Tutorial on Model-Based Methods in Reinforcement Learning
By Igor Mordatch and Jessica Hamrick
Presented at International Conference on Machine Learning (ICML) 2020
Abstract
This tutorial presents a broad overview of the field of model-based reinforcement learning (MBRL), with a particular emphasis on deep methods. MBRL methods utilize a model of the environment to make decisions—as opposed to treating the environment as a black box—and present unique opportunities and challenges beyond model-free RL. We discuss methods for learning transition and reward models, ways in which those models can effectively be used to make better decisions, and the relationship between planning and learning. We also highlight ways that models of the world can be leveraged beyond the typical RL setting, and what insights might be drawn from human cognition when designing future MBRL systems.
Goals
The field of reinforcement learning has produced significantly impressive results in recent years, but has largely focused on model-free methods. However, the community recognizes limitations of purely model-free methods, from high sample complexity, need of sampling unsafe outcomes, to stability and reproducibility issues. By contrast, model-based methods have been under-explored (but growing fast) in the machine learning community despite being very influential in robotics, engineering, and cognitive and neural sciences. They provide a distinct set of advantages and challenges as well as complementary mathematical tools. The aim of this tutorial is to make model-based methods more recognized and accessible to the machine learning community. Given recent successful applications of model-based planning, such as AlphaGo, we believe there is timely demand for a comprehensive understanding of this topic. By the end of the tutorial, the audience should gain:
Mathematical background to read and follow up with the literature on the topic.

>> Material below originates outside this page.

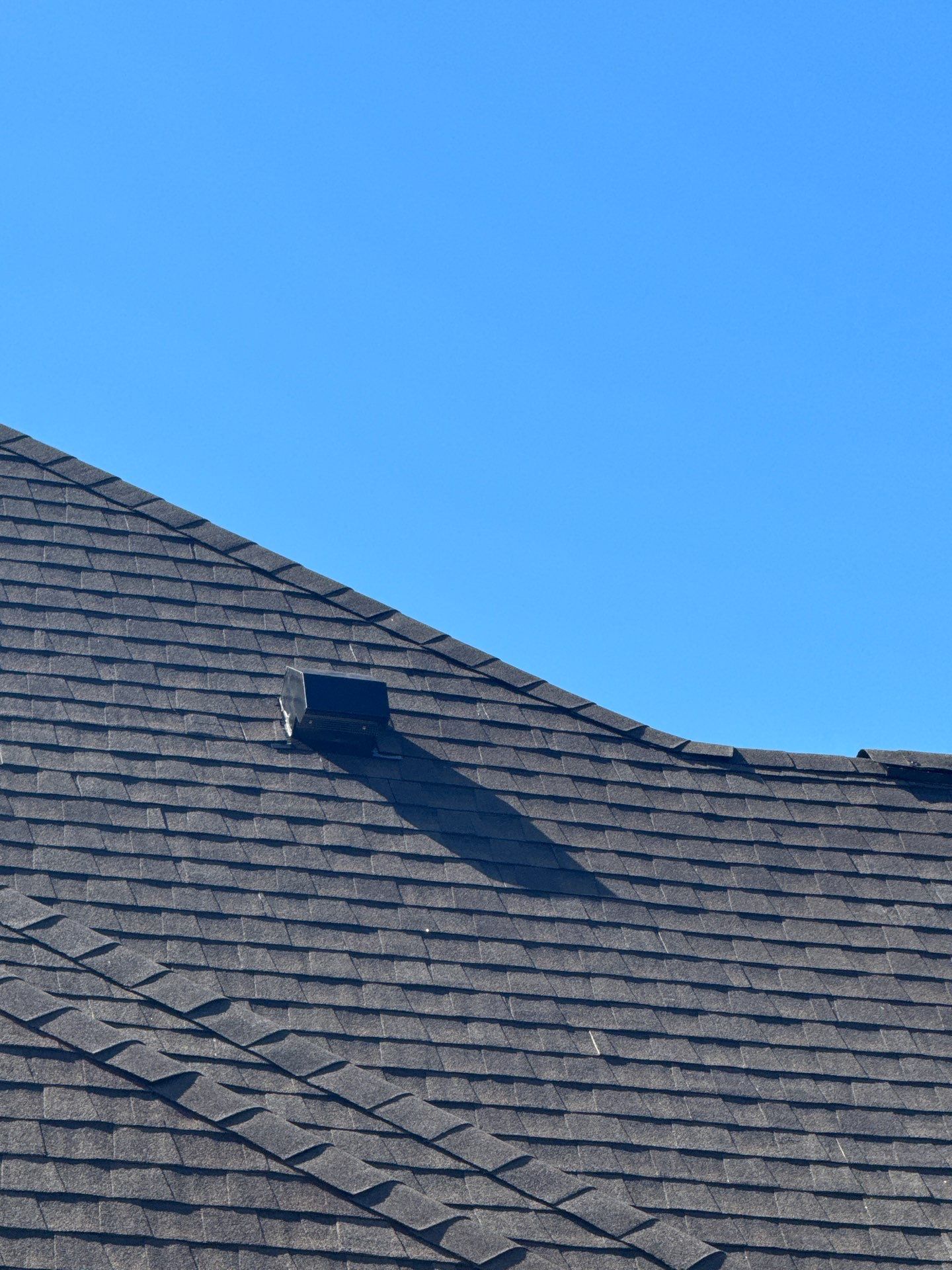 GAF HDZ - Barkwood by Linta Roofing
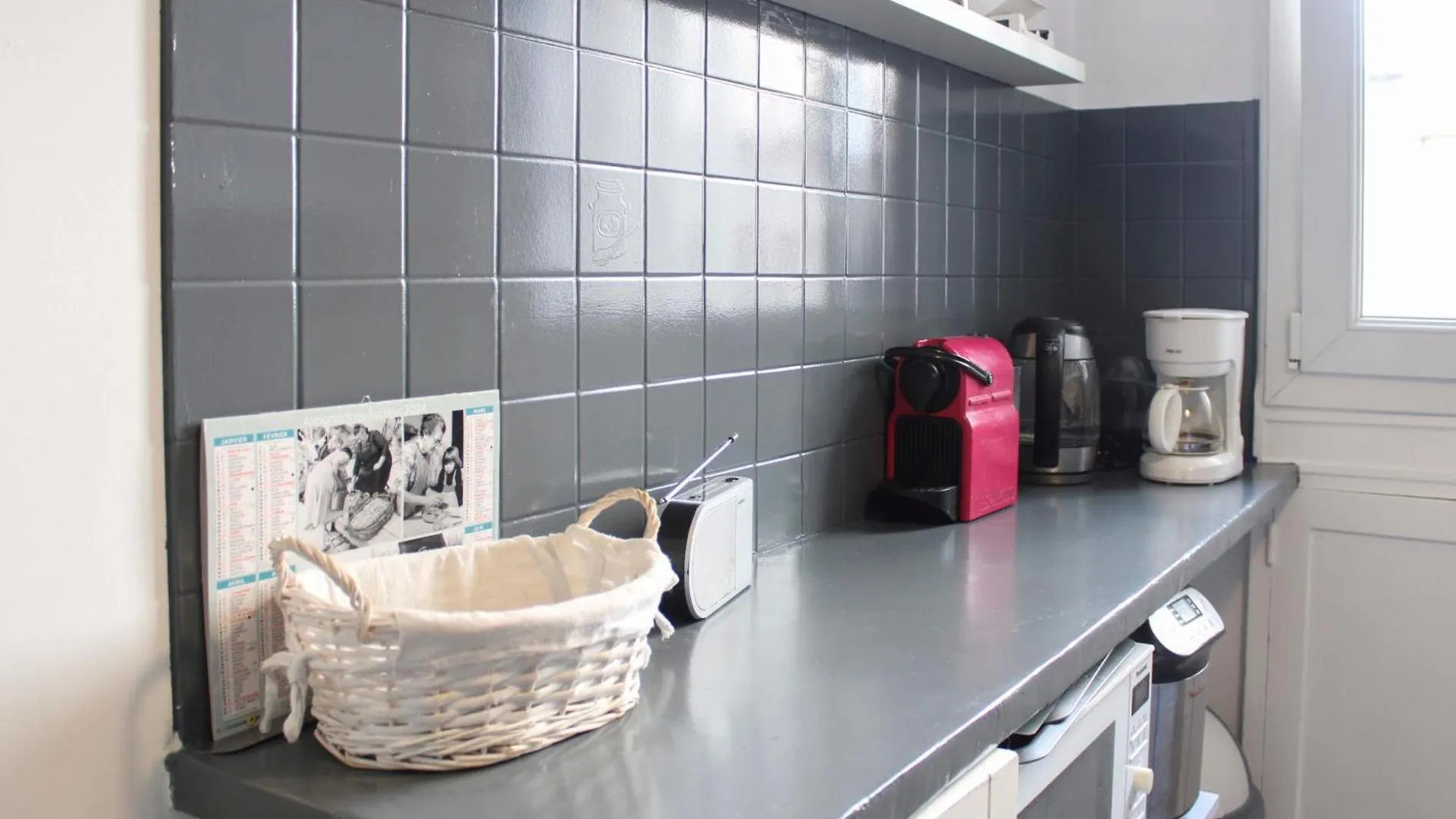 Spacious Family Nest Facing Square Des Epinette Paris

An intuitive understanding of the algorithms involved (and have access to lightweight example code they can use and experiment with).
Awareness of the tradeoffs and challenges involved in applying model-based methods.
Appreciation for diversity of problems in which model-based reasoning can be applied.
Understanding of how these methods fit in the broader context of reinforcement learning and theories of decision-making as well as relationship to model-free methods.
Target audience and required background
This tutorial will be accessible to the general machine learning audience, but specifically targeted at the following groups with their own specific learning goals:
Reinforcement learning researchers and practitioners who primarily worked with model-free methods and are looking to acquire a new set of techniques and background to complement or address challenges they are currently facing.
Supervised or unsupervised learning researchers who are looking to learn how their work can be applicable in reinforcement learning setting.
Cognitive science researchers who may be familiar with the core ideas of the topic, but are looking to learn about algorithms and implementation guidelines that are practical in complex high-dimensional settings.
Robotics researchers and practitioners that are familiar with model-based control, but are looking for background and advice on how to unite them with learning methods.
Familiarity with basic supervised learning methods will be expected, and some familiarity with reinforcement learning formulation and model-free methods will be beneficial but not required.
Bibliography
Amos et al (2018). Differentiable MPC for End-to-end Planning and Control. NeurIPS 2018.
Amos et al (2019). The Differentiable Cross-Entropy Method. arXiv.
Anthony et al (2017). Thinking Fast and Slow with Deep Learning and Tree Search. NeurIPS.
Bellemare et al (2016). Unifying count-based exploration and intrinsic motivation. NeurIPS.
Blundell et al (2015). Weight Uncertainty in Neural Networks. ICML 2015.
Burgess et al. (2019). MONet: Unsupervised Scene Decomposition and Representation. arXiv.
Chiappa, Racaniere, Wierstra, Mohamed (2017). Recurrent environment simulators. ICLR 2017.
Craik (1943). The Nature of Explanation. Cambridge University Press.
Du et al (2019). Model-Based Planning with Energy Based Models. CoRL 2019
Ecoffet et al. (2019). Go-explore: a new approach for hard-exploration problems. arXiv.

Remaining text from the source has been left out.